--- GIVEN MATERIAL Enclosed Below ---

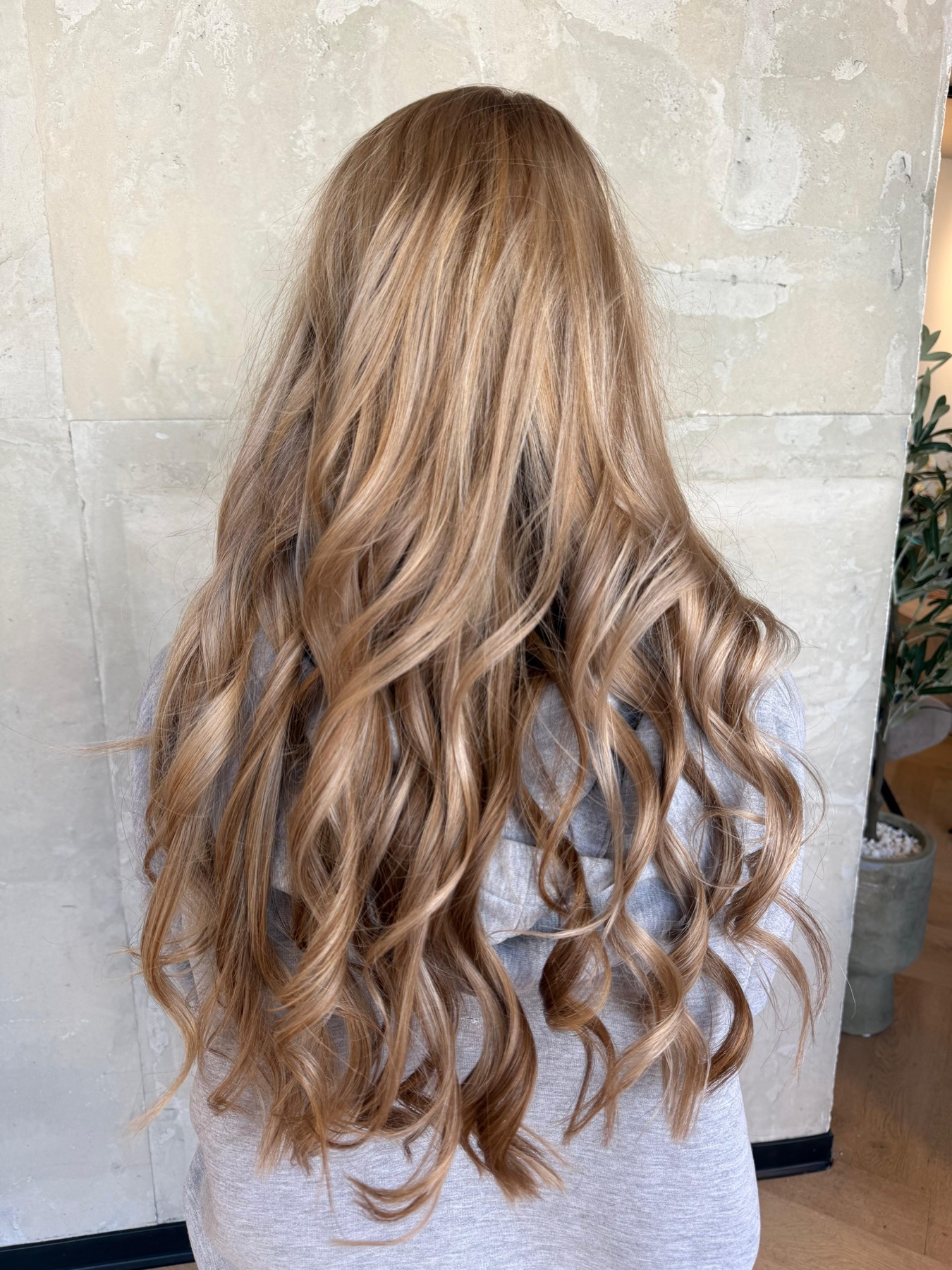 Neue Balayage mit weichen hellen Straehnen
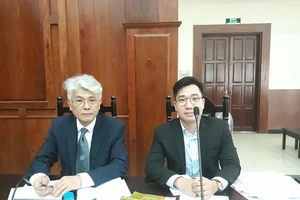 Vinasun đòi thêm 36 tỉ, Grab nói không gây thiệt hại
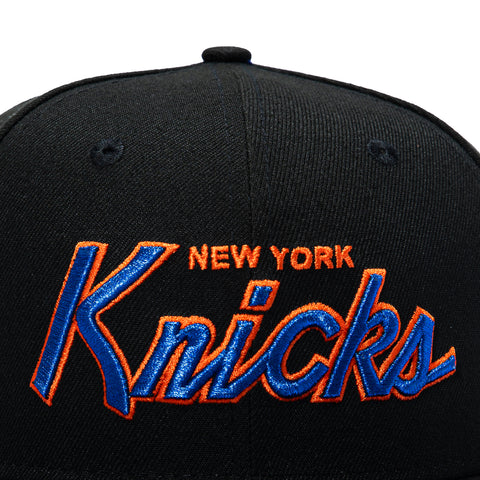 New Era 9Fifty New York Knicks 2026 NBA Champions Patch Script Snapback Hat - Black New Era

--- End of Enclosed GIVEN MATERIAL ---

▸ **INSTRUCTIONS TO FOLLOW**: Extract the lines beginning with the one that contains "Vinasun đòi thêm" and ending with the last line of the listing. Keep them exact and drop the pictures.

▸ **ANSWER BOX**:
 Vinasun đòi thêm 36 tỉ, Grab nói không gây thiệt hại
 New Era 9Fifty New York Knicks 2026 NBA Champions Patch Script Snapback Hat - Black New Era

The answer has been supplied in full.